EECS Summer 2017 Seminar

Joel Harley
Sparse Signal Processing and Machine Learning for Smart Structures and Materials
University of Utah
Glennan 313
11:30a - 12:30p
July 7, 2017

Structural health monitoring systems are designed to achieve a real-time assessment of the presence, location, extent, and characteristics of damage in structures and materials. Over the last decade, guided wave structural health monitoring systems have become a dominant tool for these purposes. Guided waves can travel throughout an entire structure from a single location and are sensitive to many types of damage. However, current guided wave structural health monitoring tools have several disadvantages. First, most methods are only applicable for simple geometric structures, such as large, rectangular plates. Second, many guided wave characteristics (such as their velocity and frequency domain properties) are often not accurately known and are essential for analysis. Third, most structural health monitoring methods are highly sensitive to environmental variations, such as temperature. These variations distort data and hide changes due to progressive damage.

This presentation discusses signal processing and machine learning methods to address these three challenges of complexity, uncertainty, and variability. We utilize sparse coding and dictionary learning methods to address complexity and uncertainty as well as dynamic mapping methods to address variability. These methods integrate accurate data-driven physical models of guided waves into our analysis to improve damage detection and localization. We demonstrate these methods on several experimental data sets of varying complexity and compare our approaches to more traditional guided wave analysis techniques and show significant improvements in performance.


Joel B. Harley is an Assistant Professor in the Department of Electrical and Computer Engineering at the University of Utah, Salt Lake City, UT. His interests include the integration of complex wave propagation models with novel signal processing, machine learning, and data science methods for applications in smart infrastructure monitoring.

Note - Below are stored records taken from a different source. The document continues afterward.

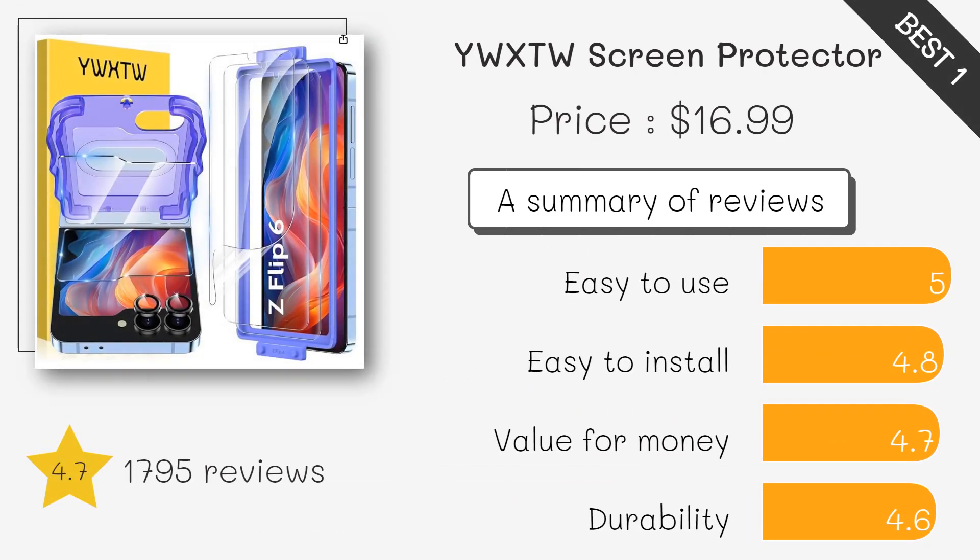This kit includes two internal flexible TPU films, two cover screen glass protectors, and two camera unit protectors. The privacy tent ensures your screen remains visible only to you, offering extra security.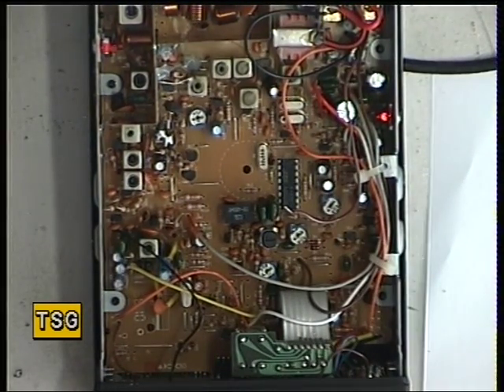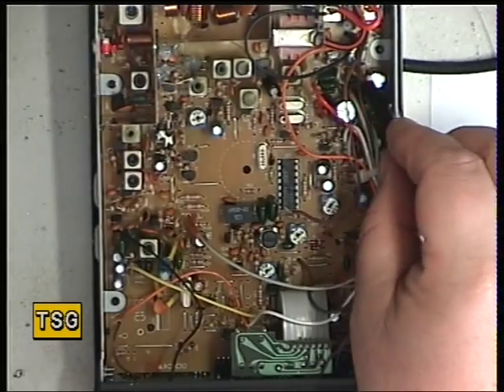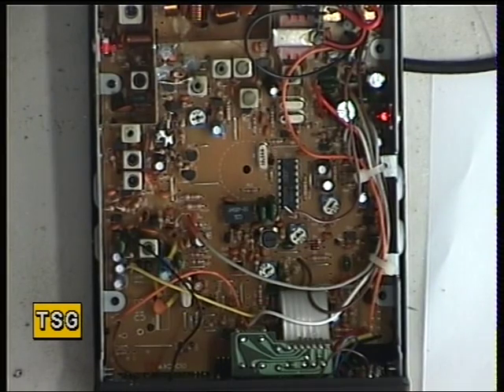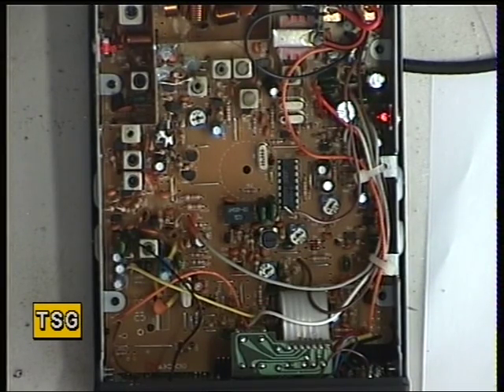That's now set using VR4 there for the deviation. So that's now set up. You may wish to join me on a separate video for the receive side of this radio.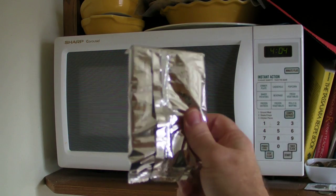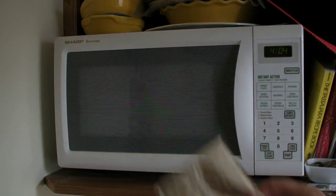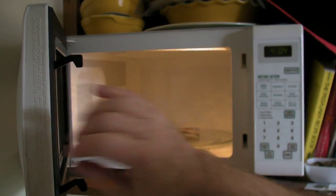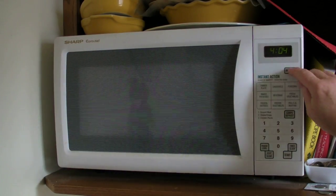Next you need some pop-tarts — and remove them from the wrapper. That's important. If you don't, it kind of ruins the taste. Put the wrapper inside the microwave and then turn it on.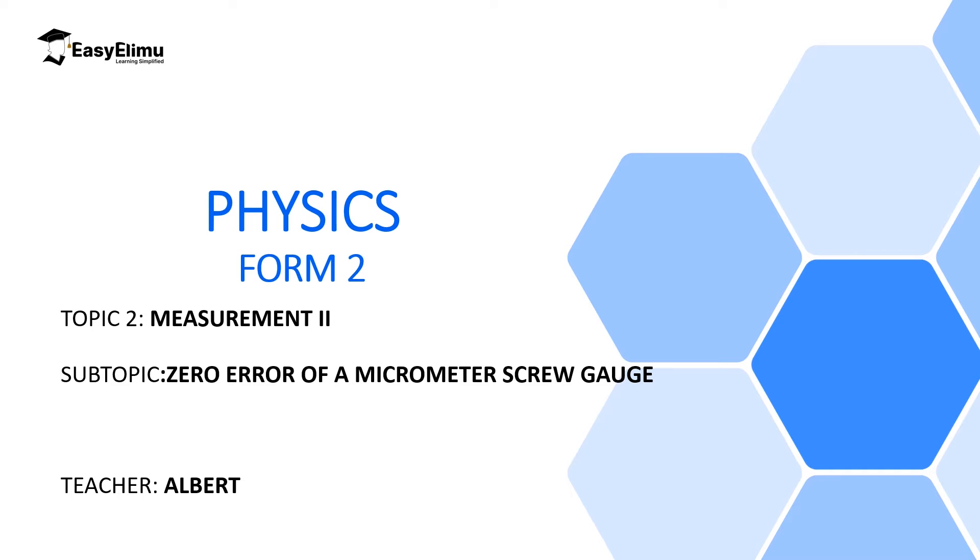Welcome to Eclimu Learning Simplified. In the previous lesson we discussed a micrometer screw gauge — how to make readings and the accuracy of a micrometer screw gauge. We also discussed zero errors in Vernier calipers, where a positive zero error is subtracted from the reading and a negative zero error is added to the total reading.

Dr. Harley is a recipient of a 2017 Air Force Young Investigator Award, a 2014 Carnegie Mellon A. G. Jordan Award (for academic excellence and exceptional service to the community), the 2009 National Defense Science and Engineering Graduate (NDSEG) Fellowship, the 2009 National Science Foundation (NSF) Graduate Research Fellowship, the 2009 Department of Homeland Security Graduate Fellowship (declined), and the 2008 Lamme/Westinghouse Electrical and Computer Engineering Graduate Fellowship. He has published more than 40 technical journal and conference papers, including four best student papers. He is a student representative advisor for the IEEE Ultrasonics, Ferroelectrics, and Frequency Control Society, the president of the Utah chapter of the IEEE Signal Processing Society, a member of the IEEE Signal Processing Society, and a member of the Acoustical Society of America.